Our contribution and strength are that we are the first to prove that 3D skeletons can be appropriately aligned from mobile 2D images with tracking, prediction skeletons, and model building for classification items of standardized examiner-administered tests in infants’ motor development. The traditional burden of methodologies while analyzing movement with 2D video is that a singular vantage point may impede the body segments and make the distance unmeasurable. The 2D open pose-based human skeleton method recorded in the lab to classify GMA has been proven to have a major advantage over state-of-the-art ML-driven methods [36]. The feasibility of GMA video recording by parents with smartphones with background and angle limitations at home has proven acceptable for remote assessment by preprocessing automated scoring [37]. J Zhou et al. combined a CNN and a hierarchical 3D pose estimation scheme to recognize the item of AIMS, but they used synthetic infant images to train and validate their models [38]. For preschool children, a labor-saving AI assessment system, combined with tracking process and gross motor action recognition such as jumping and running with CNN and 2D skeleton, demonstrated an accuracy of 82.3% on daily activity videos [39]. Despite the promising and growing application of telemedicine in medicine, its application in pediatric and neonatal settings is limited [40]. In addition, current AI applications for pediatric rehabilitation focus on delivery services, but gaps in personalization approaches and remote real-time evaluation still exist [41].

5. Limitations

Our study had several limitations. First, we only validated the autorecognition of PTS. The prevalence of motor delay ranged from 2.3% to 5.5%, and another 8.8% of patients who were not on track needed close monitoring [4]. We chose PTS as an example for proof of concept because it is one of the essential items from HINE and an easy-to-use neurologic examination in clinics. Although head lag alone could not predict future NDI outcomes [8], infants with CP or neuromuscular disease usually showed early head lag [11]. Compared with low-risk infants, head lag was demonstrated as an early predictive biomarker of future communication delays and diagnosis of autism in children with autistic siblings [9,10].

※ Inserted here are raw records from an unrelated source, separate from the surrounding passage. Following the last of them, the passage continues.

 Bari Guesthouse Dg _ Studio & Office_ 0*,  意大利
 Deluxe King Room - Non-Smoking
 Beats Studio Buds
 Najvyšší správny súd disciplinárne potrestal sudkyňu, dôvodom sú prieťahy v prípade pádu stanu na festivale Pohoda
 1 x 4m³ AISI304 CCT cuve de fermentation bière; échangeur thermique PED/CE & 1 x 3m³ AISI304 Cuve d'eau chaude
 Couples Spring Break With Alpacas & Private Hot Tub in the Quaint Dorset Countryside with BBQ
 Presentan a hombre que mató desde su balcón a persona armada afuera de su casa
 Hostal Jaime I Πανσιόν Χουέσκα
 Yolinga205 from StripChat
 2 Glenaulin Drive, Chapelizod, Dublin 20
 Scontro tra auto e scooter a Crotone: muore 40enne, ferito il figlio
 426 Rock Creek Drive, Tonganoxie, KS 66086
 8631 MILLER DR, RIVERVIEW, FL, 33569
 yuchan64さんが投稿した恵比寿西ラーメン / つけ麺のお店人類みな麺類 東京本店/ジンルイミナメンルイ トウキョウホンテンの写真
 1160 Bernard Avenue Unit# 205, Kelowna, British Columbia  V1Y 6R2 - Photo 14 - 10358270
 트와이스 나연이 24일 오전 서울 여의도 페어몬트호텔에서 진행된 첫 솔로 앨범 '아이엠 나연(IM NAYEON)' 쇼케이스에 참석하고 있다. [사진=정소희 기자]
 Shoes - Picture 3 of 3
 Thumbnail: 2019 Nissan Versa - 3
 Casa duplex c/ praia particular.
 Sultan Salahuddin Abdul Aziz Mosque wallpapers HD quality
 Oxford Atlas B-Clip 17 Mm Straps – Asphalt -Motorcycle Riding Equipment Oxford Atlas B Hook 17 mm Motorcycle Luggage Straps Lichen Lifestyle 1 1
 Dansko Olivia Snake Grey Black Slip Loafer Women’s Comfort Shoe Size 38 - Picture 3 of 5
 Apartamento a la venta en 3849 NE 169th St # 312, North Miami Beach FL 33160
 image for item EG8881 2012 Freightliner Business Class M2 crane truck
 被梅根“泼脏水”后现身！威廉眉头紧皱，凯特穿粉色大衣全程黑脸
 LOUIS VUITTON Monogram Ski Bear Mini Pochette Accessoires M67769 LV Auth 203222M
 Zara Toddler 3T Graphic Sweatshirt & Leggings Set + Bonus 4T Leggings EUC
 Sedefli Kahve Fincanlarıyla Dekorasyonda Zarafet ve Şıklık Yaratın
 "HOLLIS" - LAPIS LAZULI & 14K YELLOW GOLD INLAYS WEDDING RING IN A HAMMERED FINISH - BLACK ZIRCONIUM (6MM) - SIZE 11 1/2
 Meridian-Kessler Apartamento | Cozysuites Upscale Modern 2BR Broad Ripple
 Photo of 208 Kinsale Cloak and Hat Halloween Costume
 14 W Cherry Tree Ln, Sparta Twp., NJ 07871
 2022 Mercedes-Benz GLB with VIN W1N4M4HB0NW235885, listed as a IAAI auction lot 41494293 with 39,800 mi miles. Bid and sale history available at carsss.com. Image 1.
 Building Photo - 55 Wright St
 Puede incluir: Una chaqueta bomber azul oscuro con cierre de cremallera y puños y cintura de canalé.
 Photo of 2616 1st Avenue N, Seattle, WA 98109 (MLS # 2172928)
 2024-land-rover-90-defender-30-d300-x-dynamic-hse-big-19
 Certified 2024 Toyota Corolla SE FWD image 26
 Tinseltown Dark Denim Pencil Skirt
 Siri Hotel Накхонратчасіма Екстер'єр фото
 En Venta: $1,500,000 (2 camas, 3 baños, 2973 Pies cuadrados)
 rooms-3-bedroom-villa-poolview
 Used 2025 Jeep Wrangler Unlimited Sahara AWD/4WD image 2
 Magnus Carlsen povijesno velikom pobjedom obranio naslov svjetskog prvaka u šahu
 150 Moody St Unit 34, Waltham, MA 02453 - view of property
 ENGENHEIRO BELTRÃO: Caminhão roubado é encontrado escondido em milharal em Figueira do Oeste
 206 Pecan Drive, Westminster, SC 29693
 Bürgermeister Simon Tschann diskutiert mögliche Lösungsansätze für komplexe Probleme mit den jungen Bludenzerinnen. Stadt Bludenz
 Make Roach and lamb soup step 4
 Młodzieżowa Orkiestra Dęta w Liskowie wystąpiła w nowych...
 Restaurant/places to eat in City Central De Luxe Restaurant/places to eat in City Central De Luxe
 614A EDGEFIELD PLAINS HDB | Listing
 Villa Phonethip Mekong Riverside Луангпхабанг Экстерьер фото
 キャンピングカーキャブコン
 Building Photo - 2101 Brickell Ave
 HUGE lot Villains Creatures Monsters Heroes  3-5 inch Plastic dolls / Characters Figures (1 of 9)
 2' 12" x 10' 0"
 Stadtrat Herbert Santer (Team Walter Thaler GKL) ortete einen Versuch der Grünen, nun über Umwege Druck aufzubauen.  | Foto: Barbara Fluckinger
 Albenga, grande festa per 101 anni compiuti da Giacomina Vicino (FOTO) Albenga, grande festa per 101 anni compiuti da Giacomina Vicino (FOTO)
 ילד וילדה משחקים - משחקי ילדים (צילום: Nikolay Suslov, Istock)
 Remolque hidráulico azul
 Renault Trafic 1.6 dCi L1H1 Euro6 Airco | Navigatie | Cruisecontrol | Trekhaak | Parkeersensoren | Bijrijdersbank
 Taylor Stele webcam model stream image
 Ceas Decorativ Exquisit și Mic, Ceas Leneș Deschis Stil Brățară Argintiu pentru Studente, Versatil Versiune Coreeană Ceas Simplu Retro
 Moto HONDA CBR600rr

Our study could inspire further research on the monitoring of more complicated combinations of motor skills with smartphone devices. Based on the skeleton key points derived by HPE algorithms [34], our results demonstrated the feasibility of applying the proposed AI skeleton and fuzzy learning method to medical screens. However, there are two limitations when using our method. One is that our fuzzy learning method can only achieve expected results with the key point data transformed by our data preprocessing, and the other is the incorrect key point coordinates output by HPE algorithms. HPE algorithms sometimes output incorrect keypoint coordinates, and researchers are still working on solving this issue [34]. Although there are some open datasets for researchers to develop action-recognizing models, most of these datasets are used for learning everyday actions, such as handshaking, talking, standing, and sitting, and do not apply to infant head lag studies [42]. In addition to calling for more open datasets in this field, further studies could explore the potential of the generative adversarial network (GAN) to influence the technology-assisted diagnosis of developmental delays in infants [21].

Finally, our sample was obtained from a high-risk neonatal tracking program. Although the assessment criteria for motor development in children are consistent, regardless of whether they are typically developing infants or high-risk infants, we still cannot determine the performance of our model on low-risk newborns. Therefore, further samples and studies are needed to validate this aspect.

6. Conclusions

In this paper, we use two neural network architectures, DcPose and EvoSkeleton, and an instance-based fuzzy model to predict the infant skeleton and perform the classification of the PTS test through subtle changes in the skeleton without distance limitations, clothing limitations, or occlusion. We proved that by using videos captured on a mobile device with minimal limitations and AI methods, the accuracy of recognizing PTS levels based on HINE is not inferior to previous automatic recognition systems under restricted filming environments. Our research demonstrates the possibility of expanding expert classification items from real-world images of younger infants captured by mobile devices using AI methods. Further research on the automatic recognition of infant motor developmental delays should focus on standardized examination results to facilitate early diagnosis and remote rehabilitation applications.

Author Contributions

Conceptualization, H.-W.C., C.-C.C., K.W., L.-C.C., T.-H.H., H.-L.C. and S.-T.Y.; Data curation, H.-W.C. and T.-H.H.; Formal analysis, C.-C.C. and C.-K.C.; Funding acquisition, H.-W.C. and K.W.; Investigation, H.-W.C. and T.-H.H.; Methodology, H.-W.C., C.-C.C., L.-C.C. and C.-K.C.; Project administration, H.-W.C., T.-H.H., H.-L.C. and S.-T.Y.; Software, C.-C.C. and C.-K.C.; Supervision, K.W.; Validation, C.-C.C.; Writing—original draft, H.-W.C. and C.-C.C.; Writing—review and editing, C.-C.C. and K.W. All authors have read and agreed to the published version of the manuscript.

Funding

This study was supported by grants from the Kaohsiung Medical University Hospital (KMUH SI11010) and the Ministry of Science of Technology (MOST), Taiwan, under Grant MOST 110-2221-E-037-006.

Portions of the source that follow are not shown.